Uni d’esprit et de cœur à la très immaculée Mère de mon Sauveur, ainsi qu’à son chaste et virginal époux, saint.Joseph, je vous offre de nouveau, Seigneur, ce pain que je bénis en votre nom et auquel nous prendrons part, après avoir prononcé sur lui les saintes et adorables paroles de votre divin Fils, lorsqu’il dit en rompant le pain pour ses douze apôtres : Ceci est mon corps qui est donné pour tous. Faites ceci en mémoire de moi.

Et de même pour la consécration du calice :

Ame très pure de Marie, âme sainte du bon et juste Joseph, unissez-vous à mon âme et à celles de mes frères, afin que je présente au l’ère des miséricordes ce calice que je bénis en sa présence. Père saint, agréez cette visible offrande qui est la coupe de notre action de grâces et de notre supplication. Comme Notre-Seigneur Jésus-Christ, votre divin Fils, la veille de sa mort, je prononce sur ce qu’elle contient, les paroles qu’il prononça lui-même en disant aux douze qui étaient avec lui : Ceci est mon sang qui sera répandu pour des multitudes en rémission des péchés.

Après l’élévation, la prière pour les morts et la fraction du pain, l’officiant distribuait la communion aux fidèles sous les deux espèces. Le ciel lui-même se chargeait de démontrer à tous la vérité du nouveau sacerdoce. L’hostie qui servit au premier sacrifice portait l’empreinte d’un cœur sanglant, et dorénavant les miracles de ce genre se multiplièrent. En même temps, les théologiens de la secte s’efforçaient de démontrer, par preuves logiques, la réalité du sacerdoce de Vintras et la validité des consécrations qu’il effectuait. Entre autres parut une brochure de l’abbé Héry, Le Précurseur ; on y lisait que « le sacrifice (vintrasien), prodigieux développement de la charité de Jésus-Christ et du sacerdoce du chrétien, garantissait la prééminence et l’exaltation du souverain sacerdoce que Jésus-Christ a légué à son Église aux grands jours de son règne visible sur la terre ».

Restait à multiplier ce sacerdoce pour les besoins de tous les adeptes de l’Œuvre de la Miséricorde.
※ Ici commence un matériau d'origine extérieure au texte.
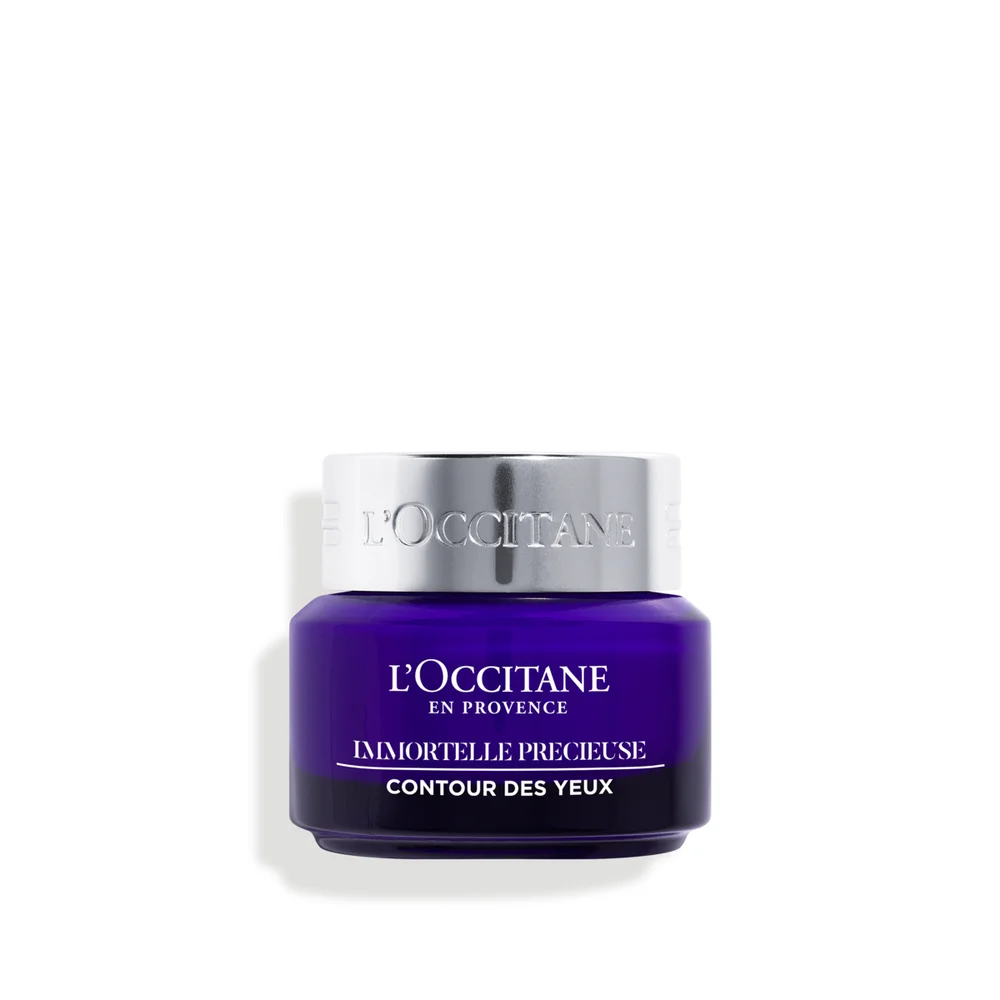 L’Occitane Precieuse Eye Balm – Øyekrem med Immortelle v:6892220 L’Occitane Precieuse Eye Balm – Øyekrem med Immortelle v:6892220
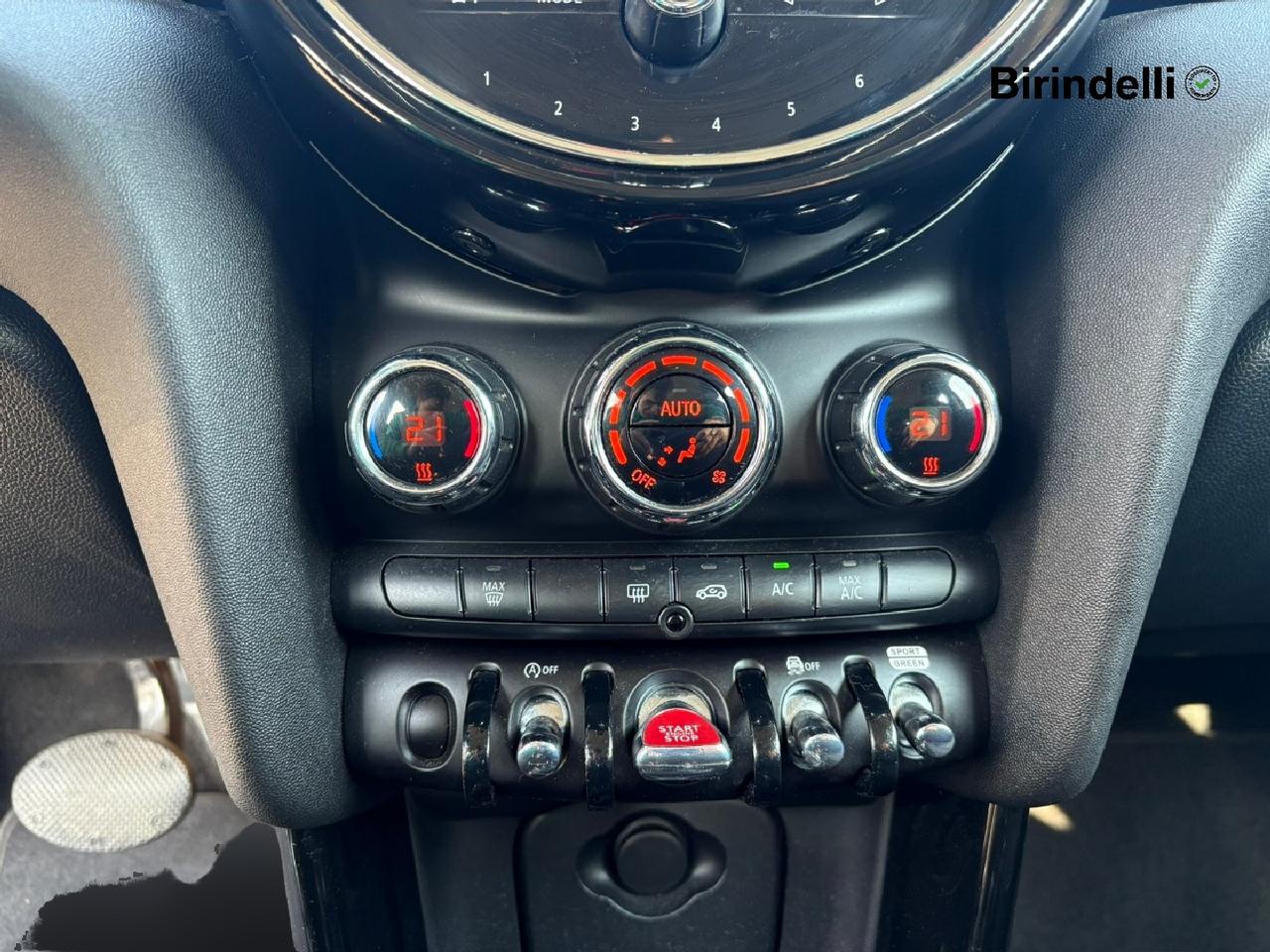 MINI Mini 5 porte (F55) - Mini 1.5 Cooper Business 5 porte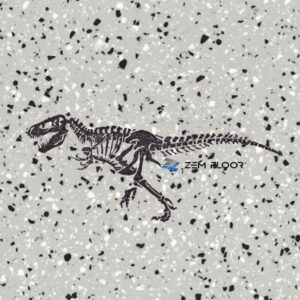 Terrazzo fosil şekli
Divinement institué « pontife provictimal » par Notre-Seigneur lui-même, Vintras allait ordonner à son tour d’autres pontifes. Le 20 mai 1850, il créait sept pontifes divins, entre autres les abbés Charvoz et Héry et même l’abbé Maréchal, venu à résipiscence ; avec eux, quatre autres abbés, ordonnés régulièrement dans l’Église romaine. Trois jours après, le 22 mai, par réciprocité, les sept prêtres pontifes divins imposèrent, à leur tour, les mains à Vintras. Puis ils s’en retournèrent chacun dans sa Septaine pour affermir et répandre les rites et les croyances de la nouvelle religion.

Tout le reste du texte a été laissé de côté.